Data to process –
····················

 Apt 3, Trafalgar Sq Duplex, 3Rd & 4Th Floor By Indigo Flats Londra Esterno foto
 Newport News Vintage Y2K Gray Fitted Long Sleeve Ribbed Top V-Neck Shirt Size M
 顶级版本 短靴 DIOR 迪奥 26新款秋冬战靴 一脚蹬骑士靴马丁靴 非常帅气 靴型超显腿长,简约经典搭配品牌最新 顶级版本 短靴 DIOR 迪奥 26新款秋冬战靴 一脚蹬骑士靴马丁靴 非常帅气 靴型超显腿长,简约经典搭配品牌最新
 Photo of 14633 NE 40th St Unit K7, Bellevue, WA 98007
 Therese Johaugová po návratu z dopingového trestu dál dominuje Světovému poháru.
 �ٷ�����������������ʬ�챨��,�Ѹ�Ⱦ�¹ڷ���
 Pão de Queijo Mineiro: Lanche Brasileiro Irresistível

····················

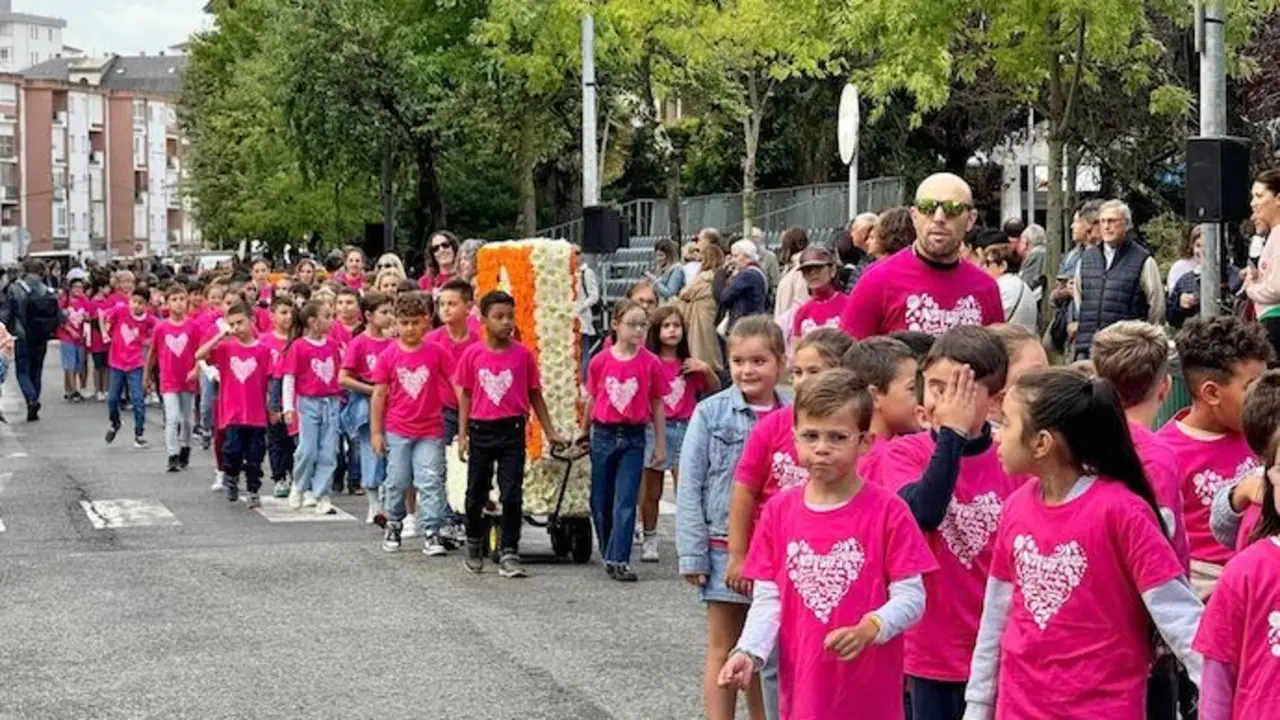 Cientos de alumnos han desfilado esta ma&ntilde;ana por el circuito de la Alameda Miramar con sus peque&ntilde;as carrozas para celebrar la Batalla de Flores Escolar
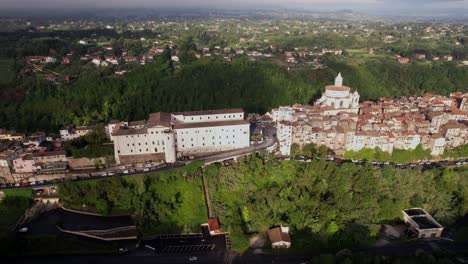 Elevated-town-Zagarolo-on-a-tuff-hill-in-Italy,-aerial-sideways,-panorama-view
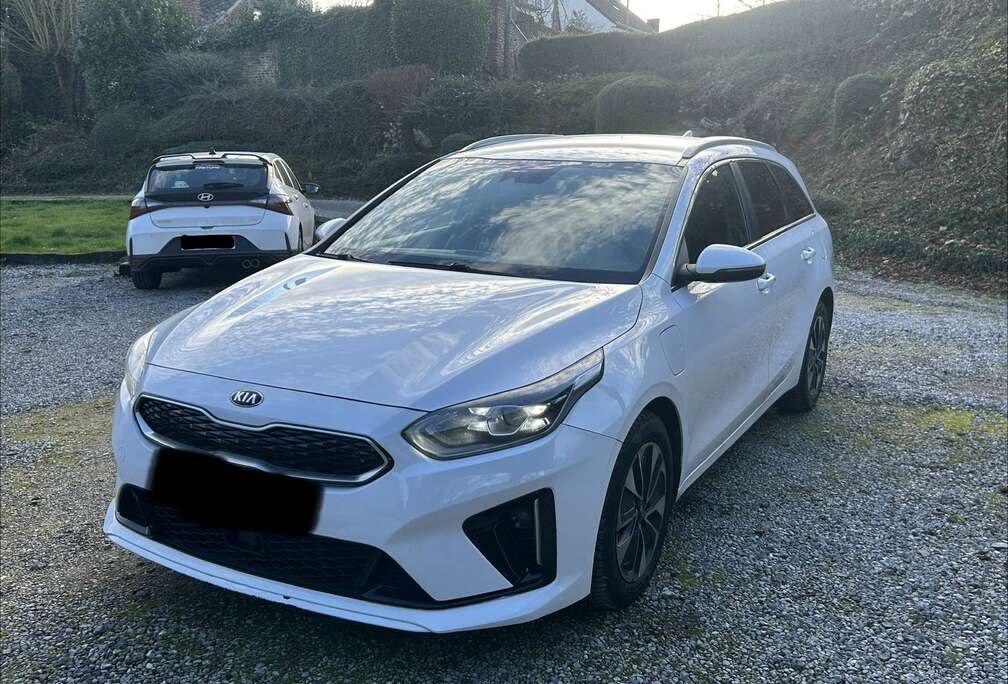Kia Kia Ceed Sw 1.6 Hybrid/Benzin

····················

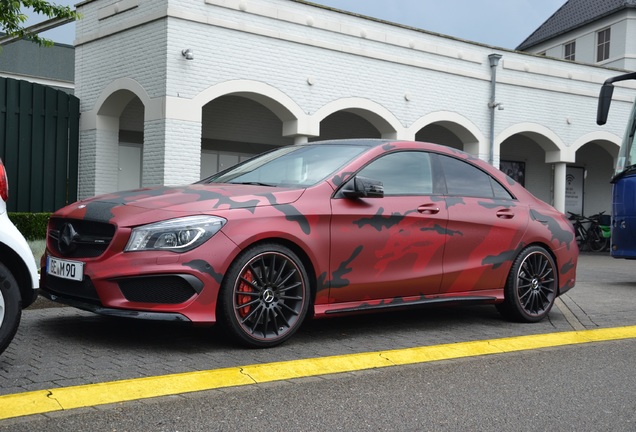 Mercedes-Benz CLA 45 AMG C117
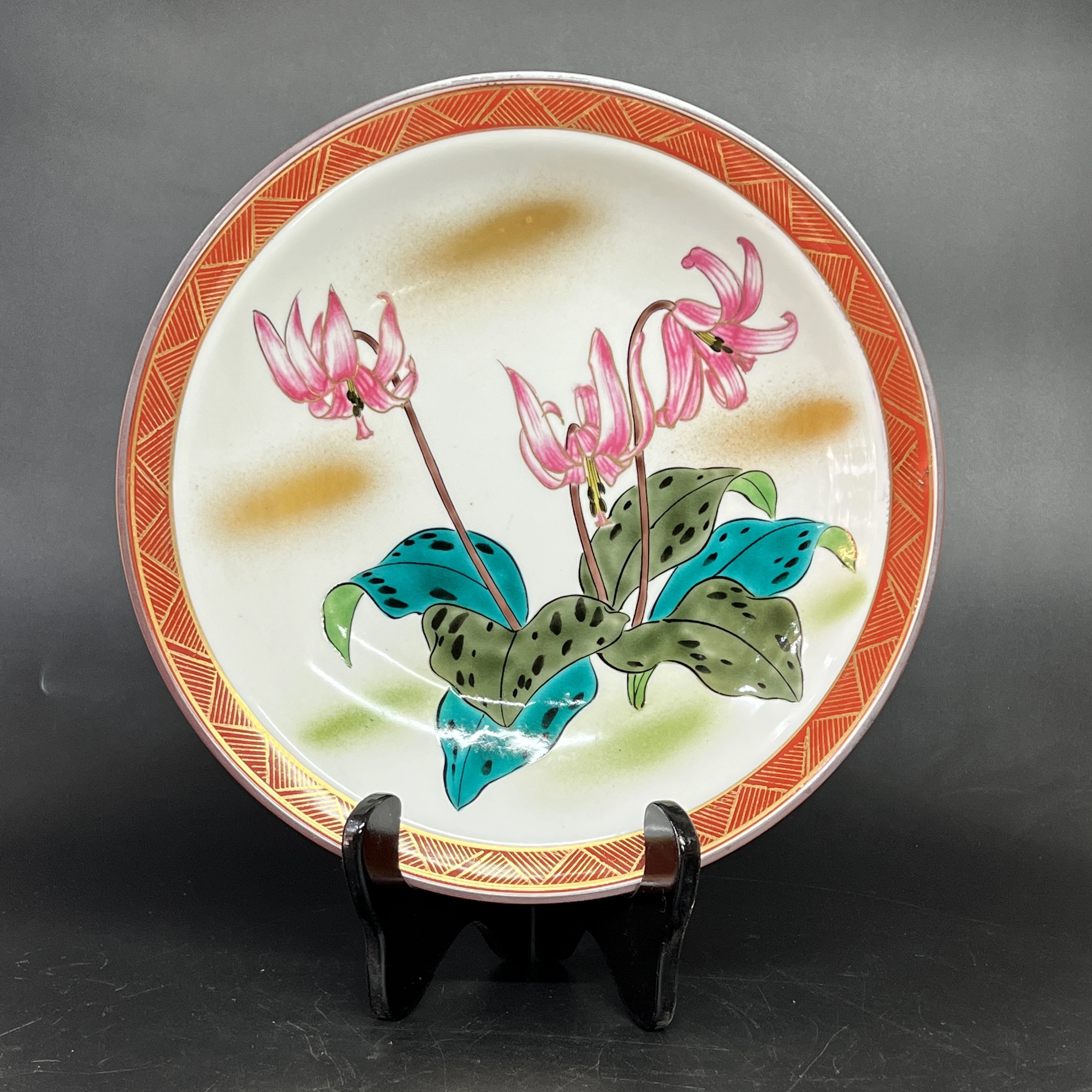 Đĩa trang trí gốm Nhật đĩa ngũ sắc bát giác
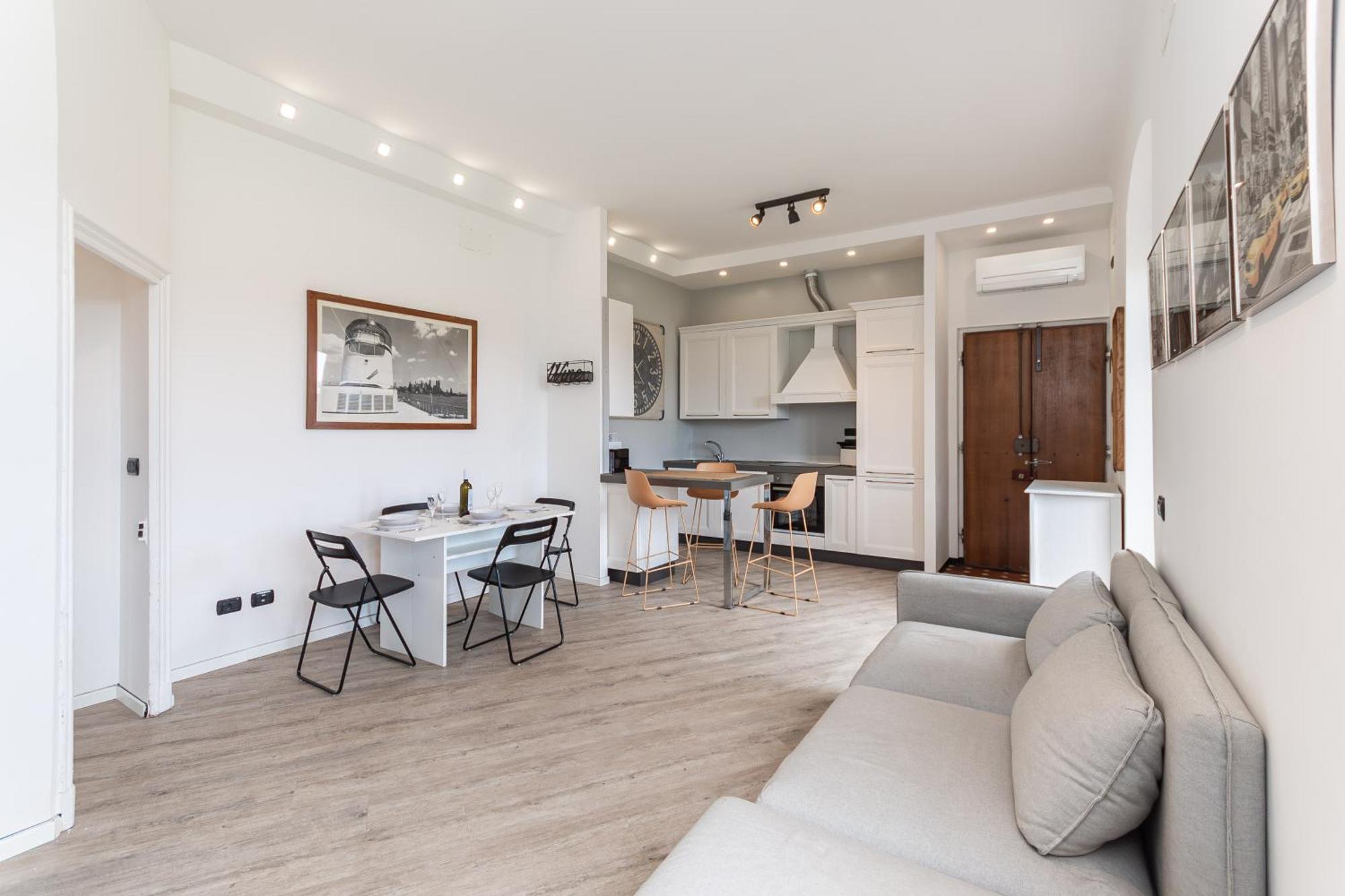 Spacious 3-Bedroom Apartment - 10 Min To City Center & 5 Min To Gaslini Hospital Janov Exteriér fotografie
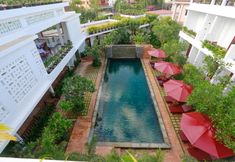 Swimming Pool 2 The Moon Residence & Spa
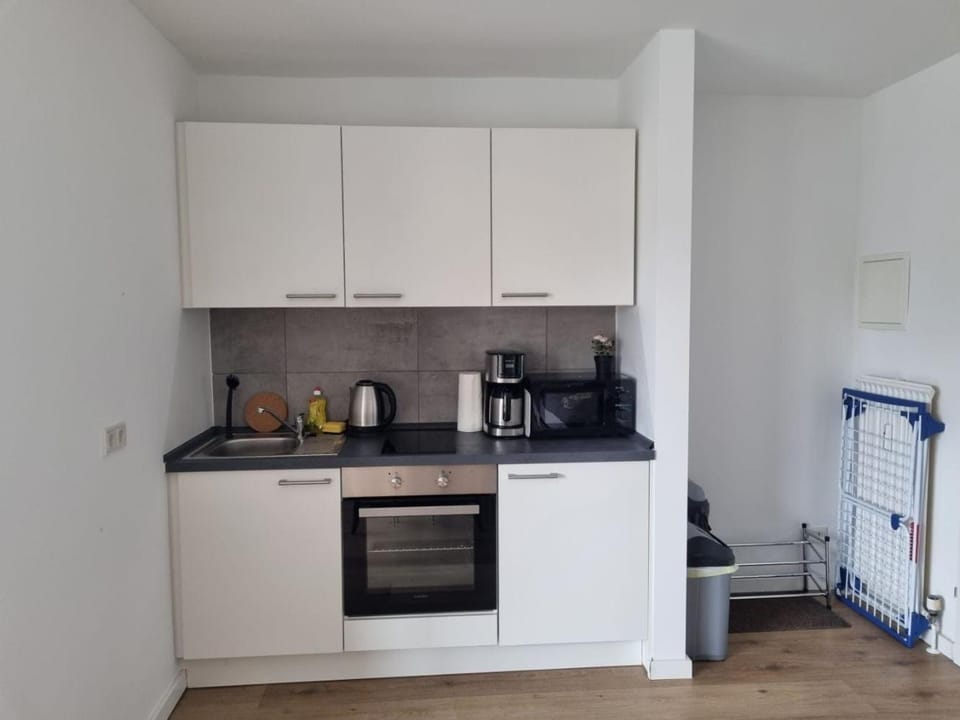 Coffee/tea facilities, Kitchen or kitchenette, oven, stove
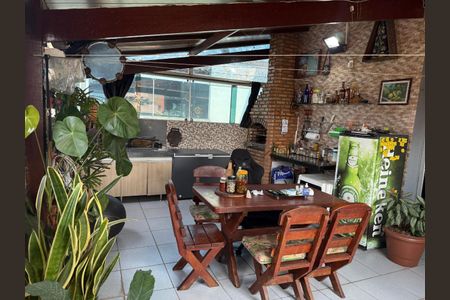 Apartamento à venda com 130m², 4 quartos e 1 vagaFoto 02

····················

Action item –
Return, unchanged, the run of lines above that opens with the line containing "Apt 3, Trafalgar" and closes with the line containing "Pão de Queijo". Include both.

Written response –
 Apt 3, Trafalgar Sq Duplex, 3Rd & 4Th Floor By Indigo Flats Londra Esterno foto
 Newport News Vintage Y2K Gray Fitted Long Sleeve Ribbed Top V-Neck Shirt Size M
 顶级版本 短靴 DIOR 迪奥 26新款秋冬战靴 一脚蹬骑士靴马丁靴 非常帅气 靴型超显腿长,简约经典搭配品牌最新 顶级版本 短靴 DIOR 迪奥 26新款秋冬战靴 一脚蹬骑士靴马丁靴 非常帅气 靴型超显腿长,简约经典搭配品牌最新
 Photo of 14633 NE 40th St Unit K7, Bellevue, WA 98007
 Therese Johaugová po návratu z dopingového trestu dál dominuje Světovému poháru.
 �ٷ�����������������ʬ�챨��,�Ѹ�Ⱦ�¹ڷ���
 Pão de Queijo Mineiro: Lanche Brasileiro Irresistível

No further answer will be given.